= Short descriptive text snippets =

--- START ---

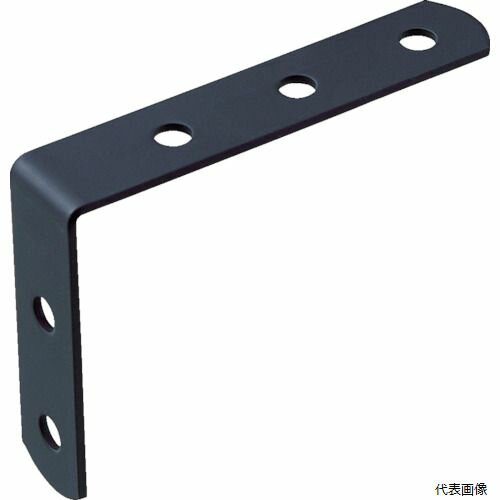【スタンプラリー】トラスコTK19-L5ABTRUSCOジョイント金具19型Lクロ寸法89×64穴数5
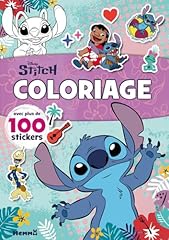 Disney stitch coloriage d'occasion  Livré partout en France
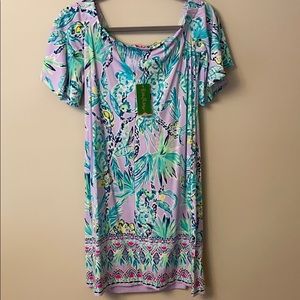 Lilly Pulitzer Off the Shoulder Dress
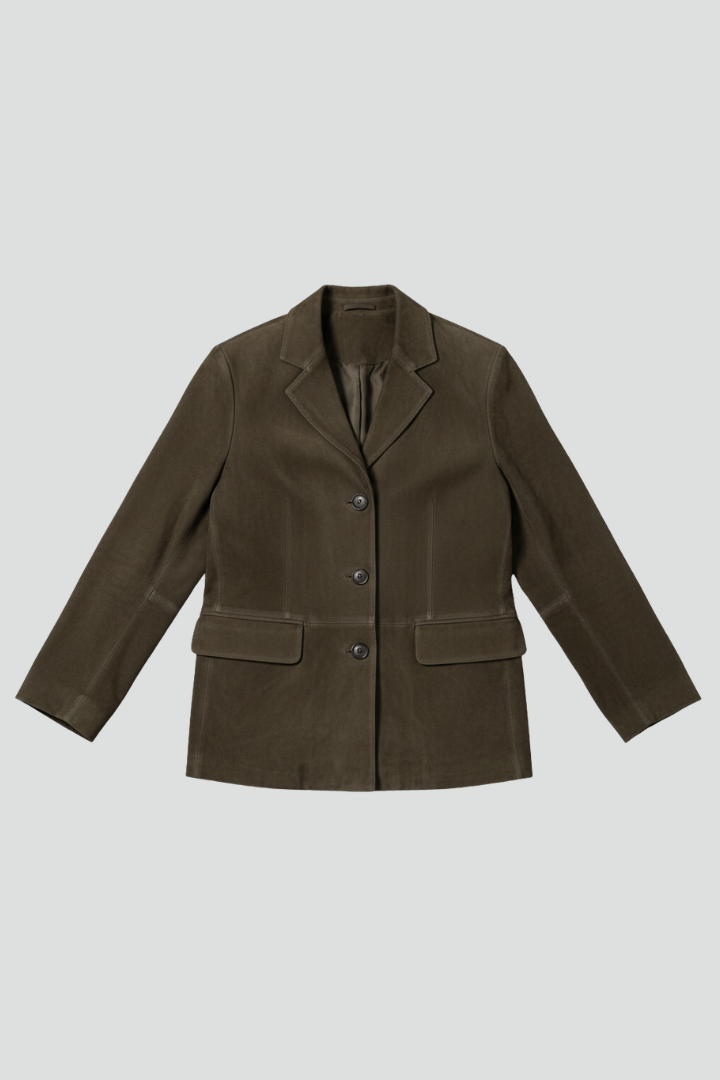 Ingigerd | Women's Jacket | Button Closure Front Pockets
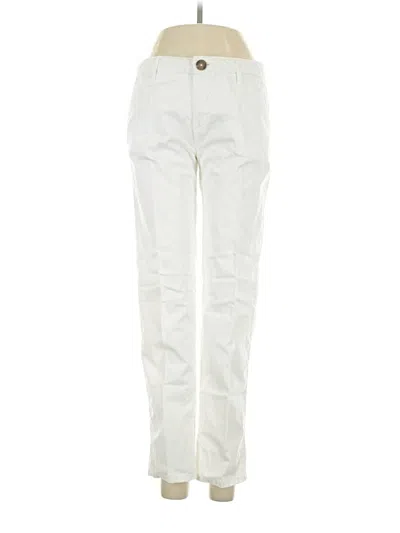 Pre-owned Joie Casual Pants In White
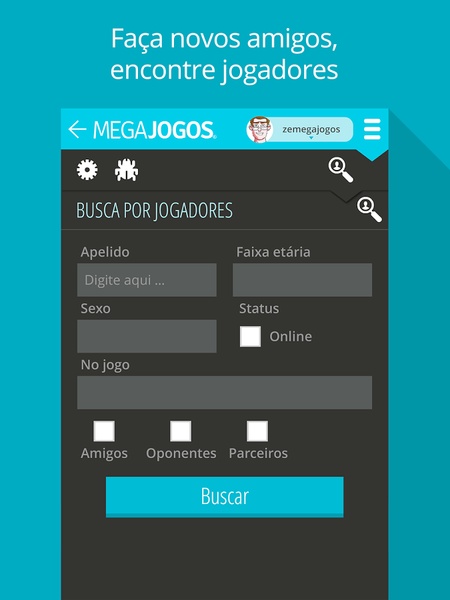 Download do APK de MegaJogos para Android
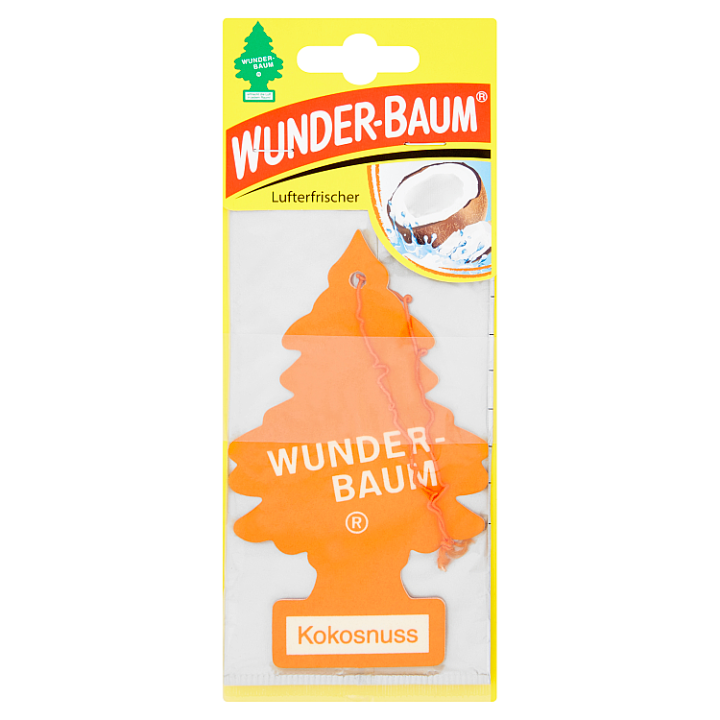 E-shop Wunder-Baum Kokosnuss osvěžovač vzduchu 5g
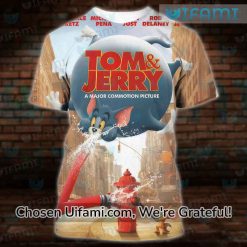 Vintage Tom And Jerry T-Shirt 3D Last Minute Gift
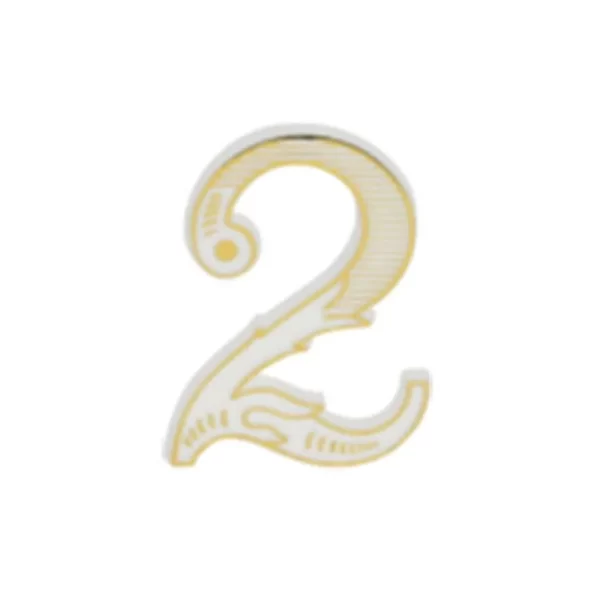 MEPA Alimentari - FLOREAL NUMERO 2 PER CANDELINE BIAN/ORO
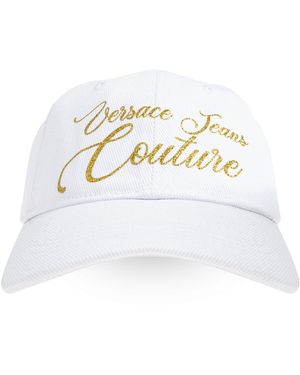 Versace Jeans Couture Baseball Cap - White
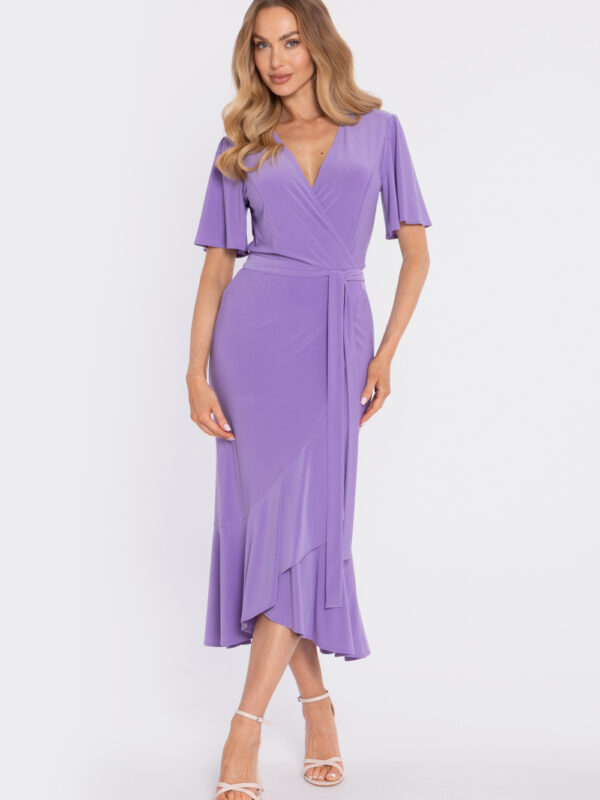 Sukienka Model MOE912 Light Violet - Moe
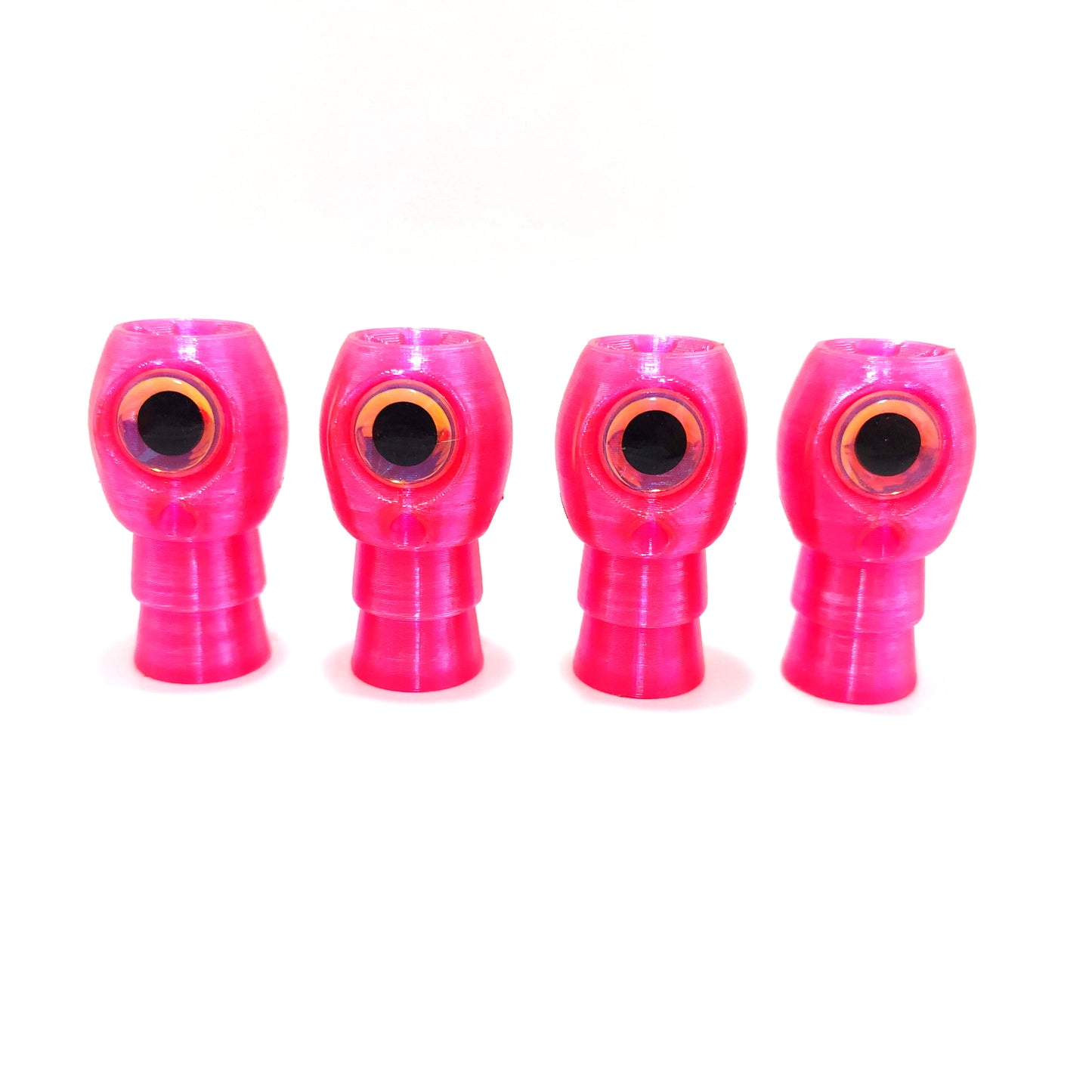 Cyclops 1.65" Offshore Trolling Heads (4 Pack) - Evolution Lures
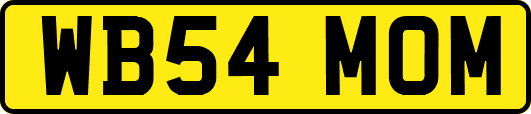 WB54MOM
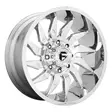 D743 SABER CHROME 12x24 6/139,7 ET-44 CB106,1 60° - Alumiinivanteet - 291264 - 1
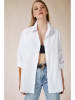 Happiness Istanbul Bluse in Weiß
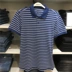 Chính hãng Baleno Benny Road 19 Mùa hè Áo sơ mi polo mới tay ngắn Áo thun sọc kháng khuẩn 88901160 - Polo áo phông polo Polo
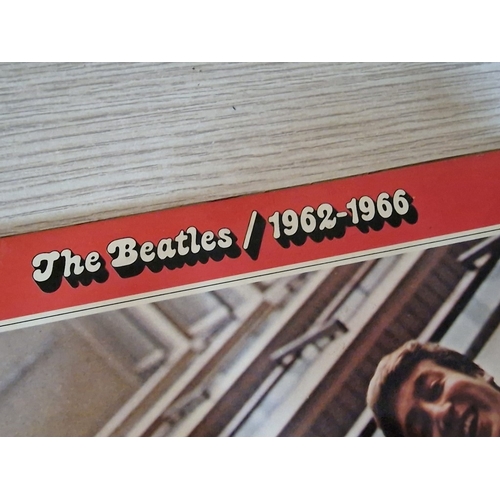 27 - 'The Beatles / 1962-1966' 2-Record LP Vinyl Record Set, Together with 'The Beatles Forever' Book, (2... 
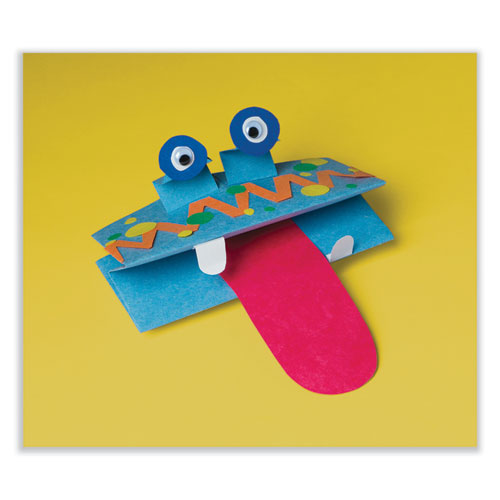 Image of Prang® SunWorks Construction Paper Smart-Stack, 50 lb Text Weight, 12 x 18, Assorted, 150/Pack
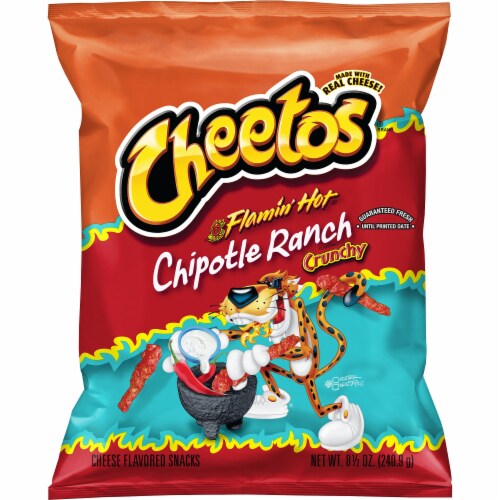 Cheetos Crunchy Cheese Flavored Snacks 8.5 oz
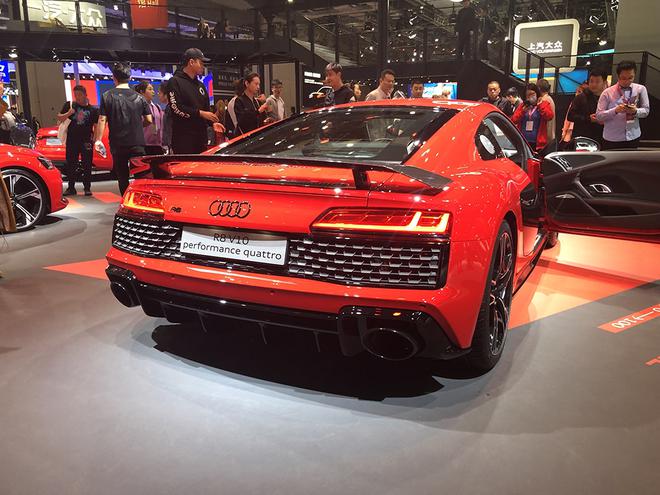 2019上海车展：新款R8 V10 performance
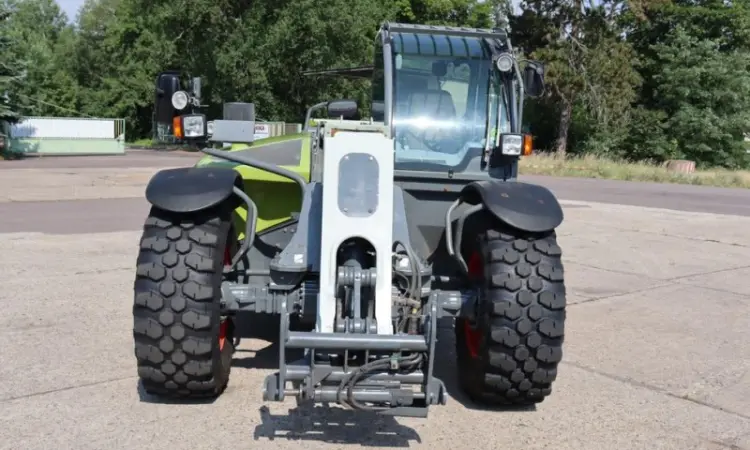Телескопічний навантажувач Claas SCORPION 7045 - фото № 1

--- END ---

= EXERCISE AIM =
Could you repeat, exactly and with nothing else, the lines from the first line of the records through the line containing "E-shop Wunder-Baum Kokosnuss"? Leave out the pictures.

= RESPONSE BELOW =
【スタンプラリー】トラスコTK19-L5ABTRUSCOジョイント金具19型Lクロ寸法89×64穴数5
 Disney stitch coloriage d'occasion  Livré partout en France
 Lilly Pulitzer Off the Shoulder Dress
 Ingigerd | Women's Jacket | Button Closure Front Pockets
 Pre-owned Joie Casual Pants In White
 Download do APK de MegaJogos para Android
 E-shop Wunder-Baum Kokosnuss osvěžovač vzduchu 5g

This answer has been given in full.